Your task ▸ Pictures stay out, but every line of the data is copied exactly.

[Data section — start]

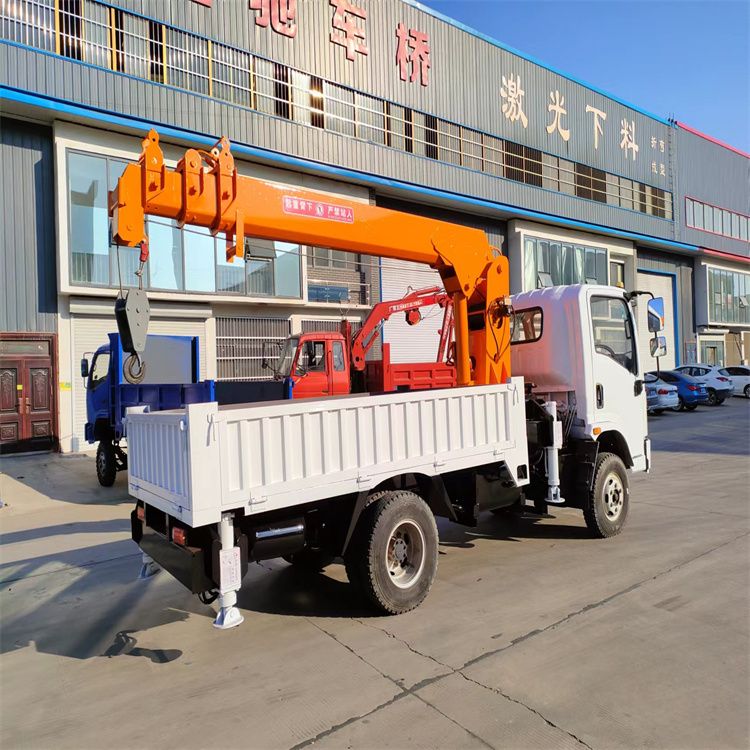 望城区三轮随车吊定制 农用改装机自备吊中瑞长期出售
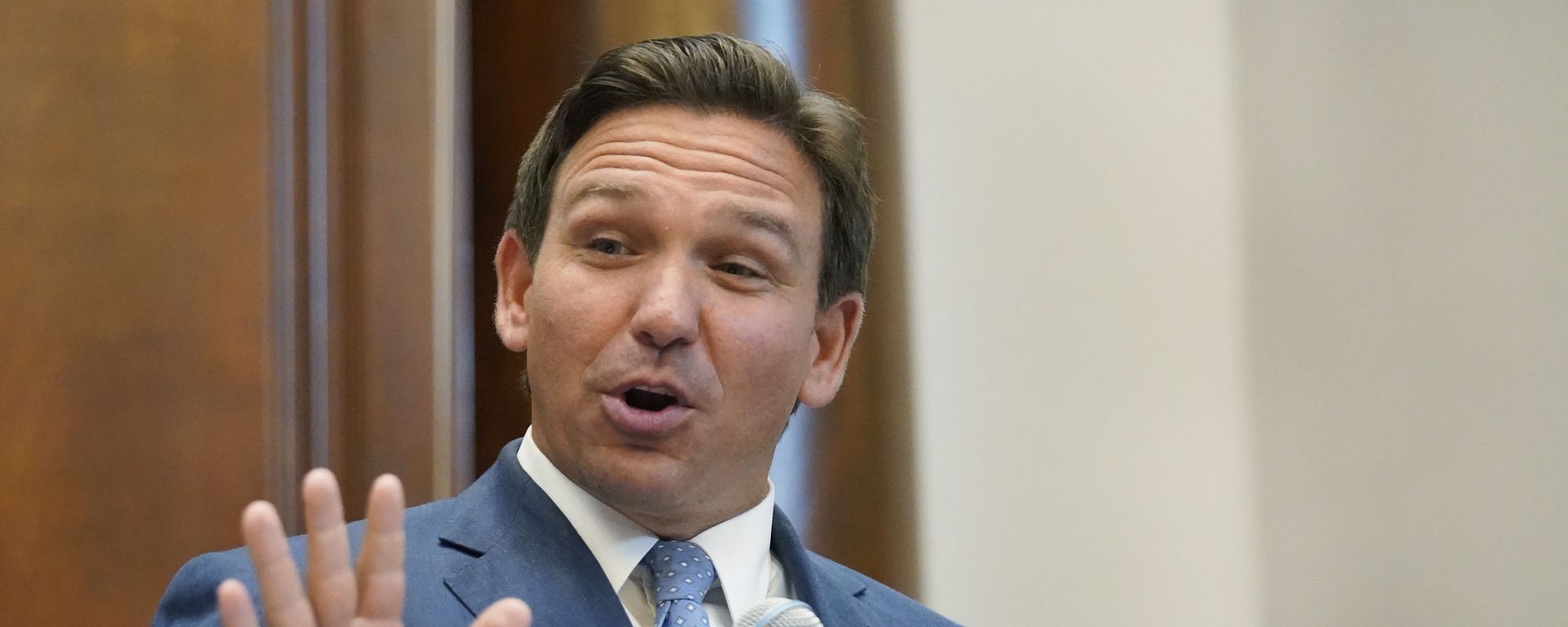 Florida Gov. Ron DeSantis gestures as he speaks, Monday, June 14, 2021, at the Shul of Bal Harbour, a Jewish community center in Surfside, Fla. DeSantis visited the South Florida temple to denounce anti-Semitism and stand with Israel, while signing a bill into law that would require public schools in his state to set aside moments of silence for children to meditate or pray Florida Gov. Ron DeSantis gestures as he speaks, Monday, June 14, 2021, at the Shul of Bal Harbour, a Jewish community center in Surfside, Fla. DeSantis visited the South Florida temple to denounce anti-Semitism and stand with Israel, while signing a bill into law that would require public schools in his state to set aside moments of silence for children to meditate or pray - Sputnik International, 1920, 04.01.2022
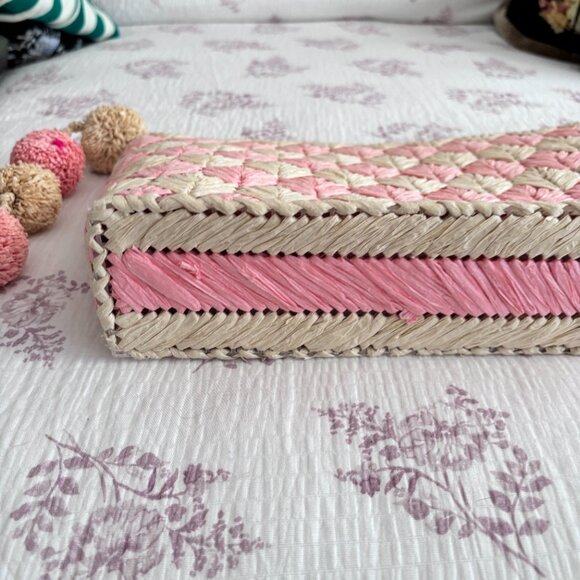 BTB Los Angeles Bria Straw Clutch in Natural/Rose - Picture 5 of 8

[Data section — finish]

Task answer ▸
 望城区三轮随车吊定制 农用改装机自备吊中瑞长期出售
 Florida Gov. Ron DeSantis gestures as he speaks, Monday, June 14, 2021, at the Shul of Bal Harbour, a Jewish community center in Surfside, Fla. DeSantis visited the South Florida temple to denounce anti-Semitism and stand with Israel, while signing a bill into law that would require public schools in his state to set aside moments of silence for children to meditate or pray Florida Gov. Ron DeSantis gestures as he speaks, Monday, June 14, 2021, at the Shul of Bal Harbour, a Jewish community center in Surfside, Fla. DeSantis visited the South Florida temple to denounce anti-Semitism and stand with Israel, while signing a bill into law that would require public schools in his state to set aside moments of silence for children to meditate or pray - Sputnik International, 1920, 04.01.2022
 BTB Los Angeles Bria Straw Clutch in Natural/Rose - Picture 5 of 8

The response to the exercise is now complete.